Are employers hesitant to hire service members? If the commitment from employers is genuine, then why aren’t you getting hired? 

An estimated 250,000 U.S. military members enter civilian life each year. These brave men and women possess an array of leadership and business skills that make them a valuable asset to any civilian organization. Despite their potential to succeed in the civilian workforce, many struggle with making the transition.

Being a veteran myself, I know firsthand how difficult this transition can be. When it comes to finding a job, new career or starting a new business, where do you even begin?

How do you translate what you’ve done during your years of service into skills and experience that would resonate with civilian employers?

If an enterprise makes a statement of being veteran friendly, unless hiring managers throughout the organization feel similarly and really understand the value veterans can bring, they may not support that policy.

Part of the problem is that it takes focused effort and expertise to find veterans with the skills industry needs.
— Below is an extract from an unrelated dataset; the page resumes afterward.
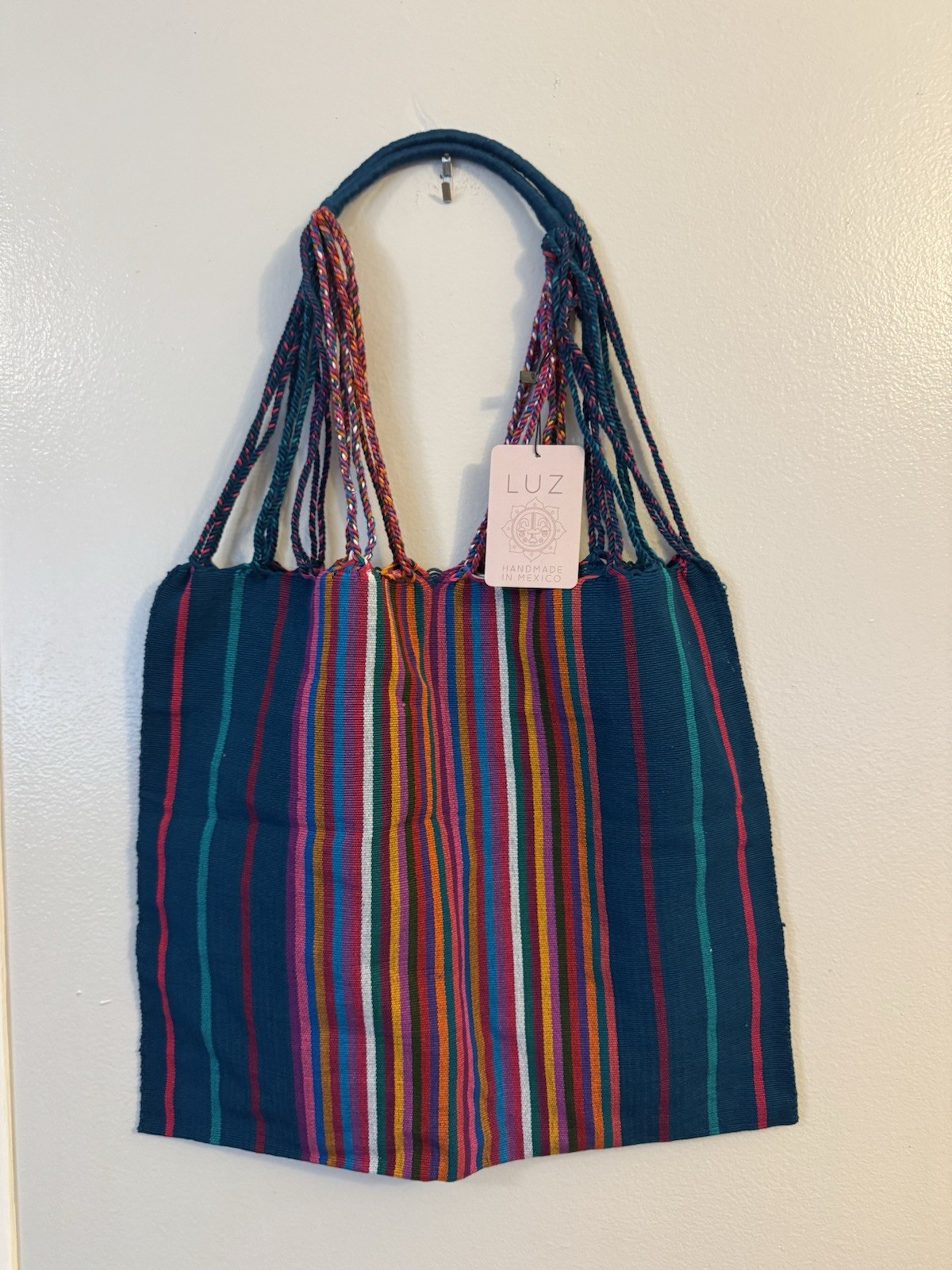 NWT Luz Collection Las Rayas Striped Tote Beach Hammock Bag Handwoven Mexico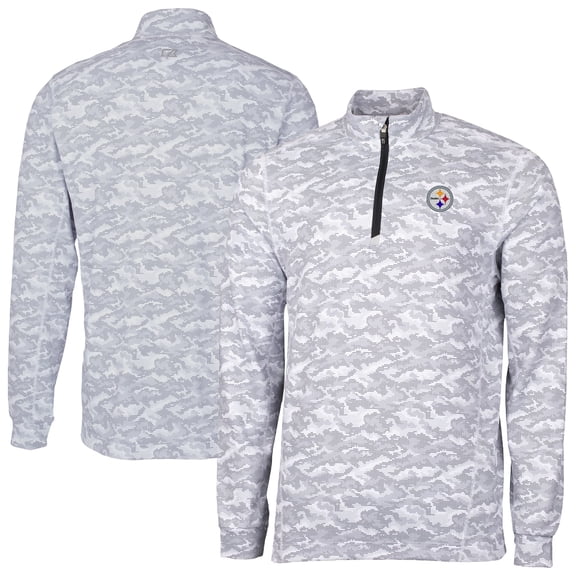 Men's Cutter & Buck Charcoal Pittsburgh Steelers Big & Tall Traverse Eco Camo Tri-Blend DryTec Quarter-Zip Jacket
Even if people are interested in veterans, often they don’t know where to look, what to look for, or how to deal with them. Instead of a straightforward acquisition strategy targeting familiar talent pools, employers would have to take extra time and energy to prepare new veteran-focused strategies. This could include engaging with veteran service organizations, conducting new recruiting practices and learning how to understand the value veterans can add to their business.

It can be a bridge too far. Their veteran friendly policy can turn into: If a vet shows up, maybe I’ll talk.

The awareness of how hiring managers work is important for military members who plan to transition into business.

Businesses are in business to be successful in business. They have constant and critical business pressures to respond to, especially if they are publicly traded. They often don’t have the luxury of hiring talent from unfamiliar sources.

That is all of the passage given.